───── LISTED ENTRIES

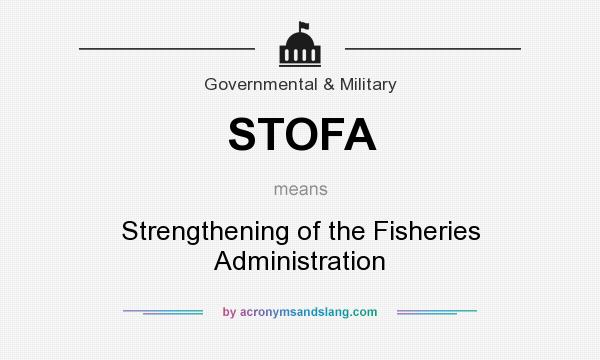 What does STOFA mean? It stands for Strengthening of the Fisheries Administration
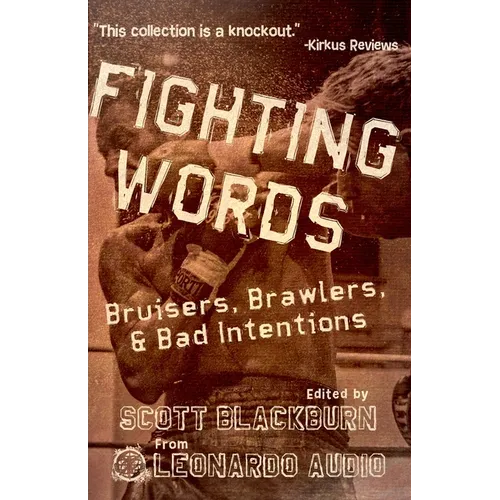 Fighting Words: Bruisers, Brawlers, & Bad Intentions
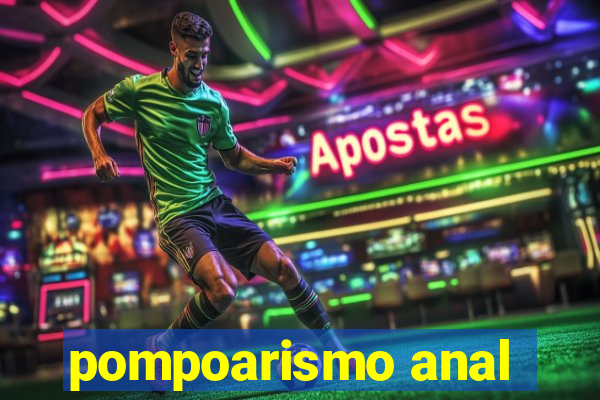 pompoarismo anal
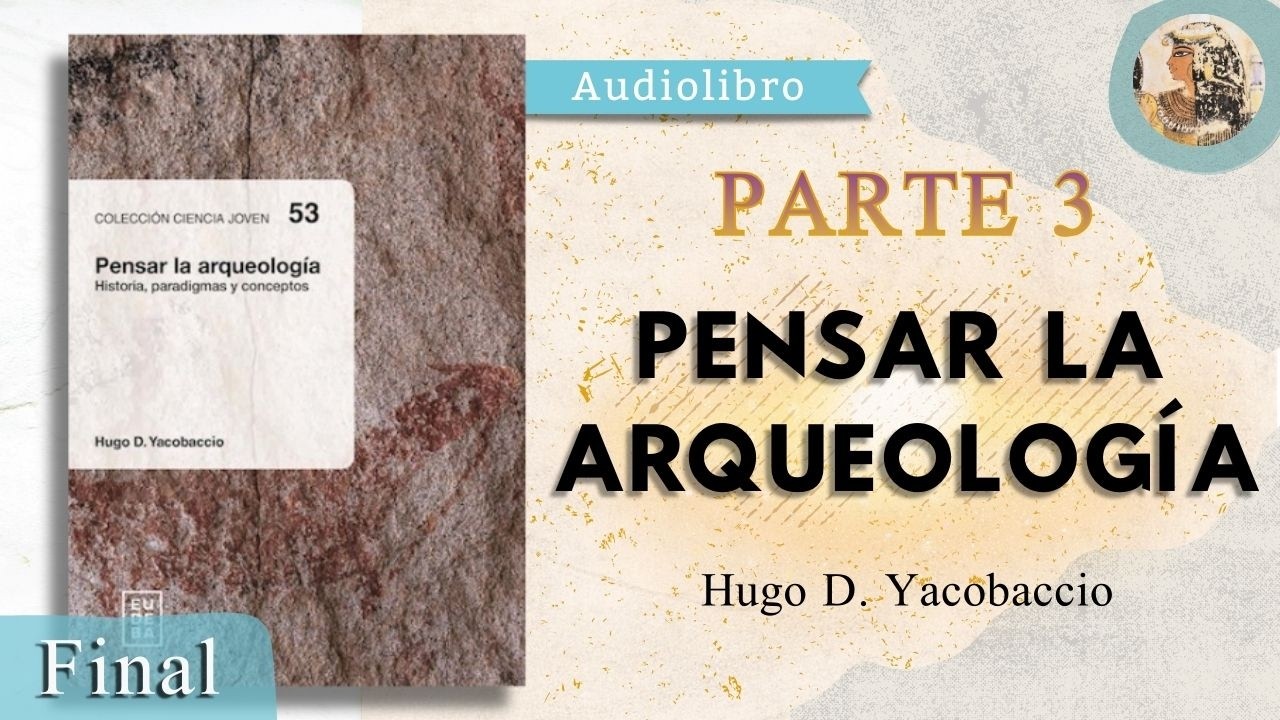 Pensar la arqueología - Hugo Yacobaccio: Audiolibro (´pa)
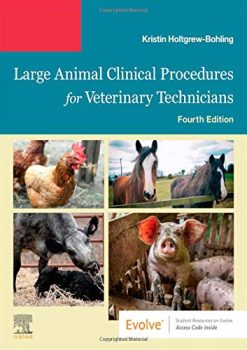 Large Animal Clinical Procedures for Veterinary Technicians, 4th Edition (Original PDF from Publisher)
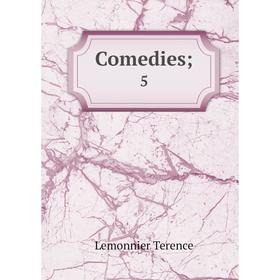 

Книга Comedies; 5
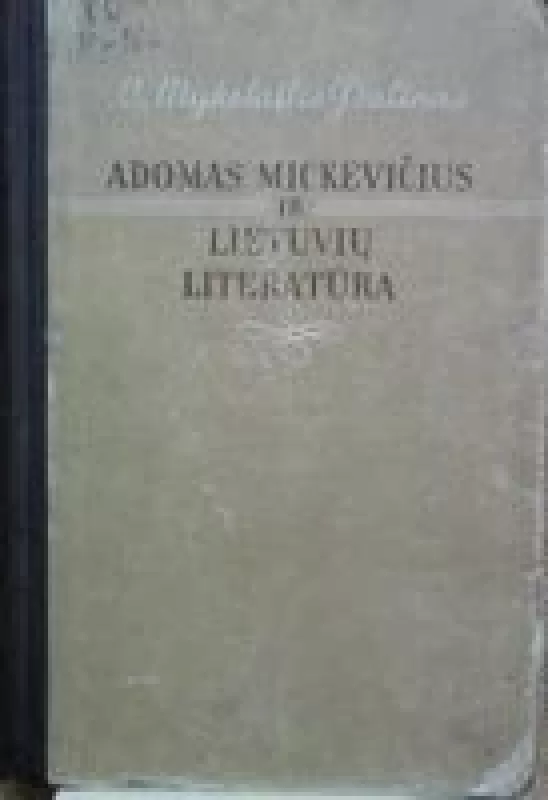 Adomas Mickevičius ir lietuvių literatūra - Vincas Mykolaitis-Putinas, knyga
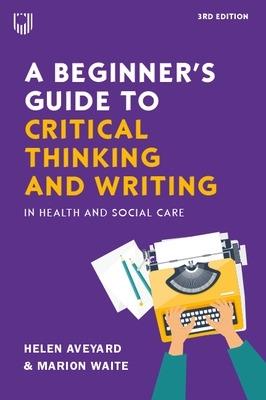 A Beginner's Guide to Critical Thinking and Writing in Health and Social Care, 3e - Helen Aveyard,Marion Waite - cover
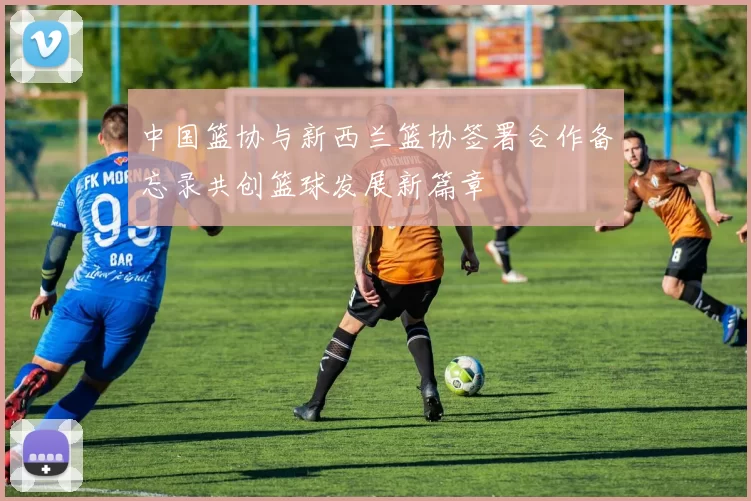 中国篮协与新西兰篮协签署合作备忘录共创篮球发展新篇章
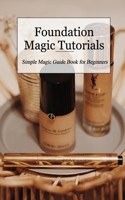 Foundation Magic Tutorials: Simple Magic Guide Book for Beginners
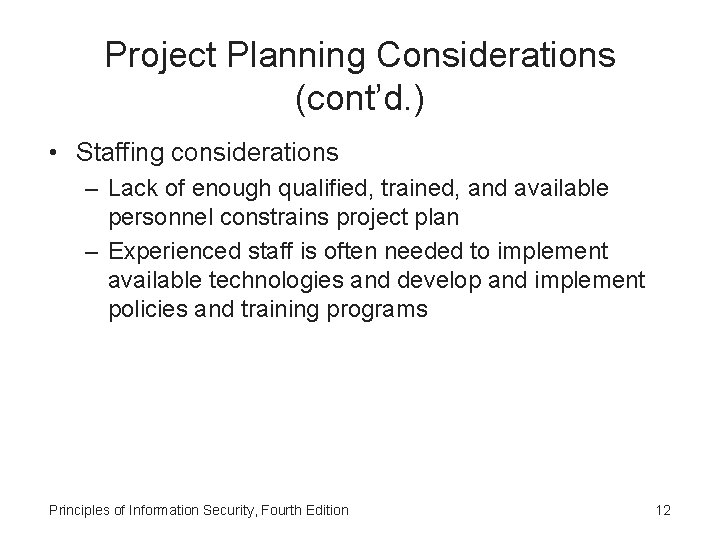 Project Planning Considerations (cont’d. ) • Staffing considerations – Lack of enough qualified, trained,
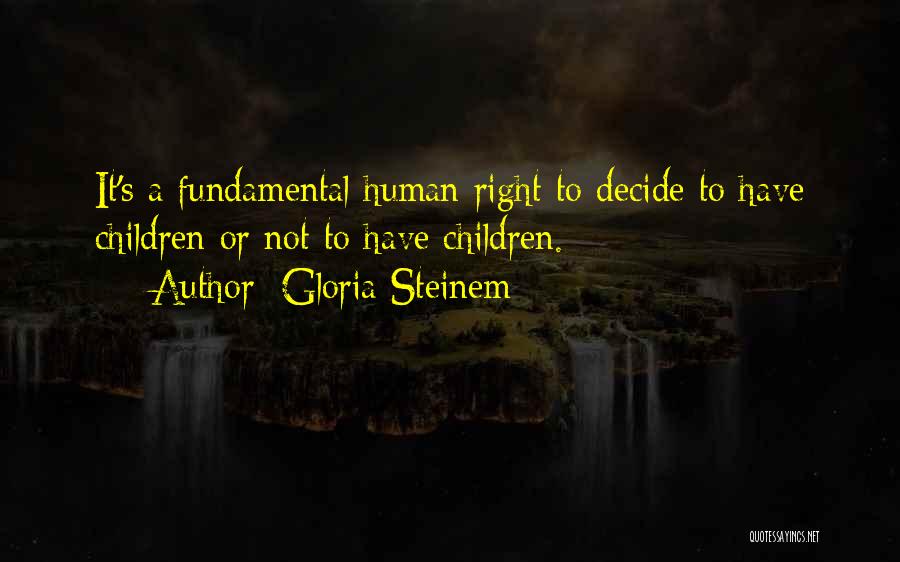 Gloria Steinem Quotes: It's A Fundamental Human Right To Decide To Have Children Or Not To Have Children.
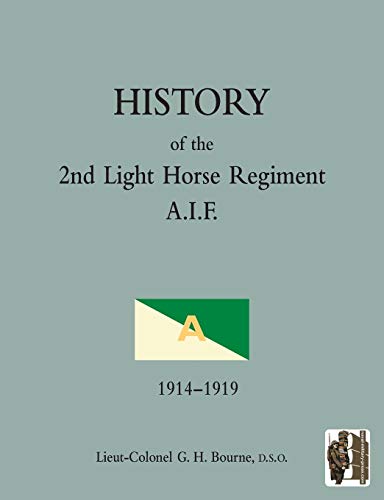 Stock image for History of the 2nd Light Horse Regiment A.I.F. for sale by Lucky's Textbooks
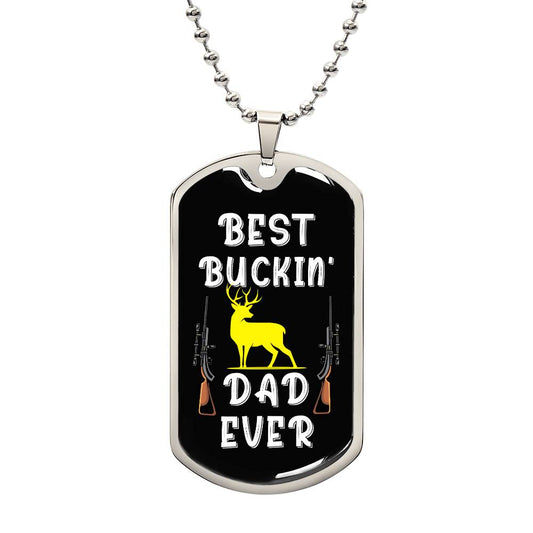 Best Buckin' Dad Ever, dogtag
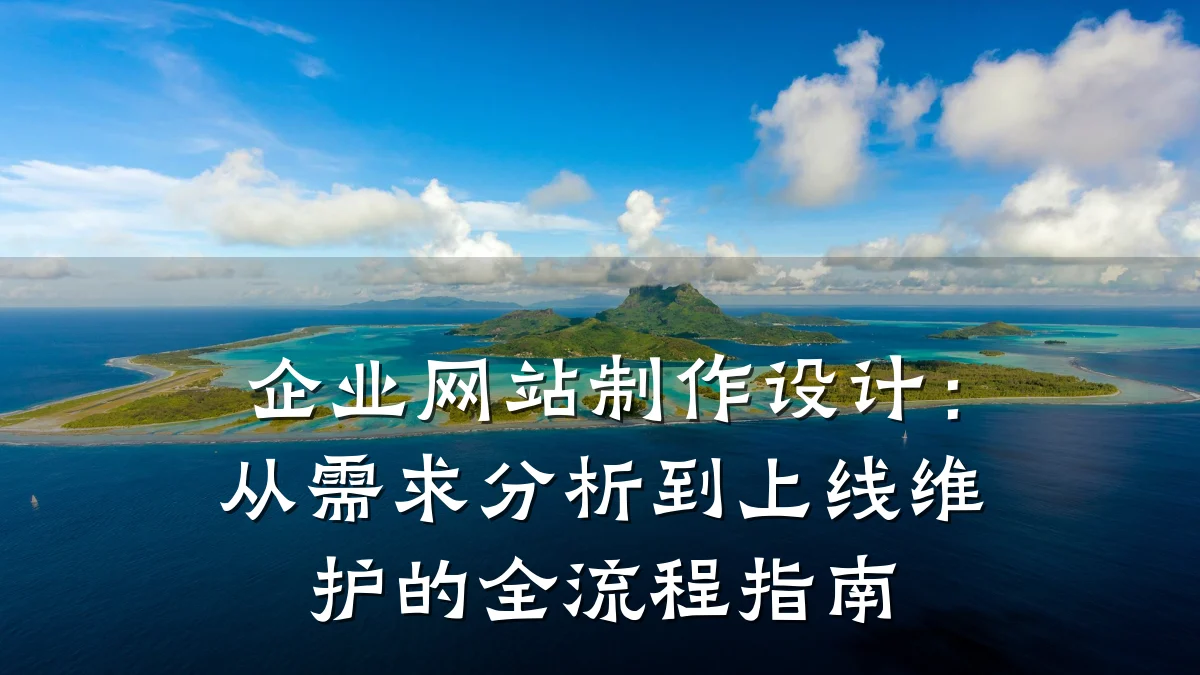 企业网站制作设计：从需求分析到上线维护的全流程指南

──────────

▶ **WORK TO BE COMPLETED**
Please restate the lines above exactly, starting at the first line of the data and stopping at the line containing "中国篮协与新西兰篮协签署合作备忘录共创篮球发展新篇章", which is included. Omit pictures.

▶ **TASK RESULT**
 What does STOFA mean? It stands for Strengthening of the Fisheries Administration
 Fighting Words: Bruisers, Brawlers, & Bad Intentions
 pompoarismo anal
 Pensar la arqueología - Hugo Yacobaccio: Audiolibro (´pa)
 Large Animal Clinical Procedures for Veterinary Technicians, 4th Edition (Original PDF from Publisher)

Книга Comedies; 5
 Adomas Mickevičius ir lietuvių literatūra - Vincas Mykolaitis-Putinas, knyga
 A Beginner's Guide to Critical Thinking and Writing in Health and Social Care, 3e - Helen Aveyard,Marion Waite - cover
 中国篮协与新西兰篮协签署合作备忘录共创篮球发展新篇章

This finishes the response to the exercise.